Comment les islamistes attaquent la France
Enquête Anecdotes à faire frémir, rapports secrets et confidences décryptées, Christophe Deloire, journaliste au Point, et Christophe Dubois, grand reporter au Parisien, racontent, au gré de scènes inédites, les coulisses de la guerre des islamistes contre la République et la propagation du « fascisme vert ». Extraits de « Les islamistes sont déjà là » qui paraît le 26 août aux éditions Albin Michel.
EXTRAITS
Prière, Place Beauvau
La Commission d'organisation du culte musulman se réunit le 22 novembre 2000, dans la salle 1 bis de l'hôtel de Beauvau. Un responsable de la composante la plus importante des notables musulmans, l'Union des organisations islamiques de France (UOIF), Boubaker el-Hadj Amor, se met à genoux en direction de La Mecque et prie comme à la mosquée.
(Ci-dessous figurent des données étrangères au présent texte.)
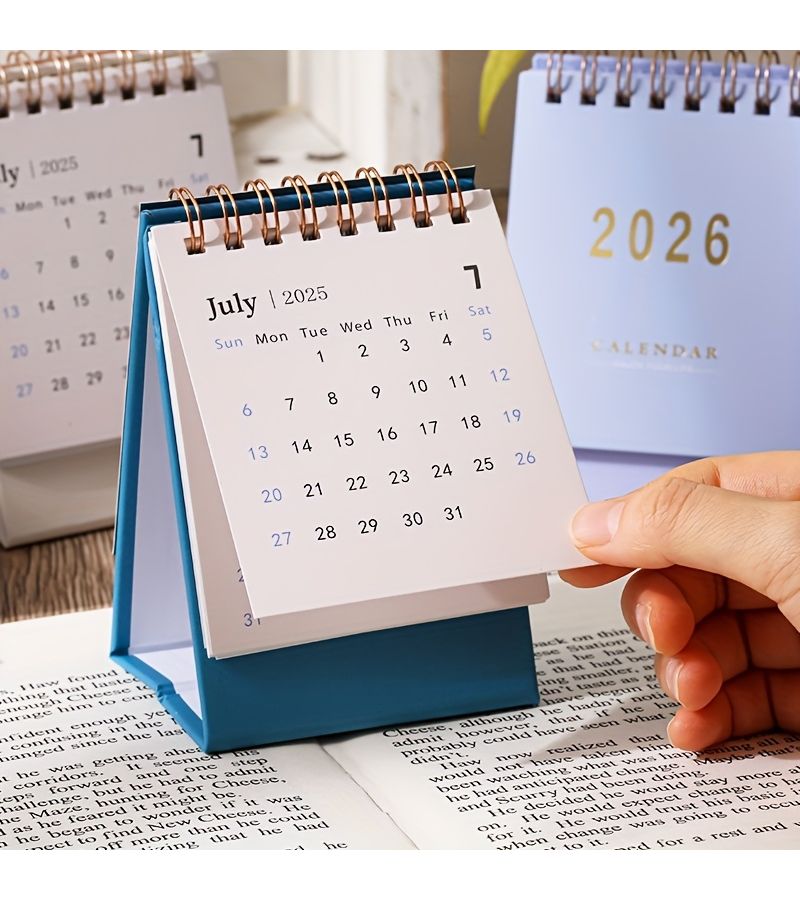 تقويم مكتبي صغير أخضر ومخطط أسبوعي شهري لعام 2026 بحجم الجيب - Image 3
Le conseiller du ministre, Alain Billon, ne l'en empêche pas. Alors que la réunion touche à sa fin, vers 18 heures, il proteste enfin : « Je voudrais faire un rappel à l'ordre, un rappel à l'ordre extrêmement sérieux. » [...]
« Monsieur, votre prière tout à l'heure dans ce lieu même était inconvenante. Ce fait ne doit plus se reproduire. Si je ne vous ai pas interrompu, c'est par courtoisie. » Le secrétaire général de l'UOIF, Fouad Alaoui, n'apprécie guère le rappel à l'ordre. Il défend son camarade : « Nous sommes dans une période de l'année où il y a interférence de prières, de temps de prières qui nous sont obligatoires. »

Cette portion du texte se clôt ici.